Requiem for a Dream (2000) Review

 


Requiem for a Dream (2000)

Requiem for a Dream follows the parallel stories of 4 addicts and the depths their addictions take them.
There are few films I’ve ever seen that as relentlessly harrowing and disturbing as this.It is a story of love and happiness and the longing to connect with others. Each is trying to fill a void within themselves and how that void is filled with their use drugs. This however leaves a void within the present selves, which is where their nightmarish addictions take hold. The end result is a pulsing dive into the human psyche that leaves characters physically, emotionally, and mentally damaged beyond repair. Marion, in her desperation does unspeakable things, once thought beyond forgiveness. Harry’s heroin use ends in the loss of his arm. But it’s Sara, who just wanted to lose weight after being selected for a game show, that is the most hard to watch.

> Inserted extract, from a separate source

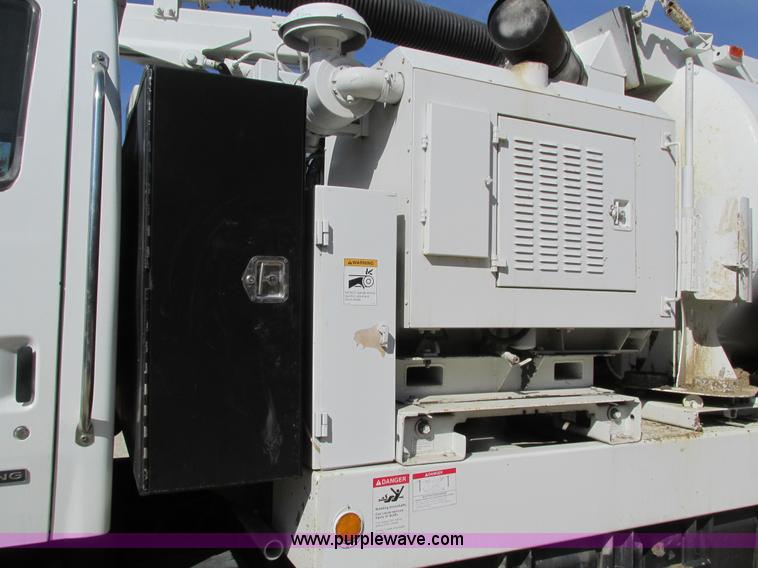 image for item I4059 2003 Sterling L7500 vacuum truck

A lonely woman, who suffers a complete psychic break, leading to extreme weight loss and electroshock therapy.

It’s hard to look at, something that is bolstered by its’ revolutionary cinematography that assaults the senses, while telling it’s own stories in split screens, quick cuts, and a heart pounding soundtrack that doesn’t let up in intensity from the very start.

For once I’ll admit, Jared Leto was excellent, nailing the idea of a junkie with morals and those he loves enough to want to provide better for them. We also get stellar performances from Marlon Wayans, Ellen Burstyn, and Jennifer Connelly, with each bringing so much respectively. Burstyn and Connelly’s developments are the most shocking, watching Burstyn go down the hole of insanity, while Connelly goes from innocent and loving, to hateful and willing to do whatever for drugs, it’s gut twistingly sad.

Requiem for a Dream, directed excellently by Darren Aronofsky, is a haunting story of addiction and how the end result, is always worse than where you started. But it’s also a cautionary tale about the lengths people go to escape their reality, however fucked up it may be, that when you do escape, you leave a hole behind where you once stood, because you left the present a long time ago.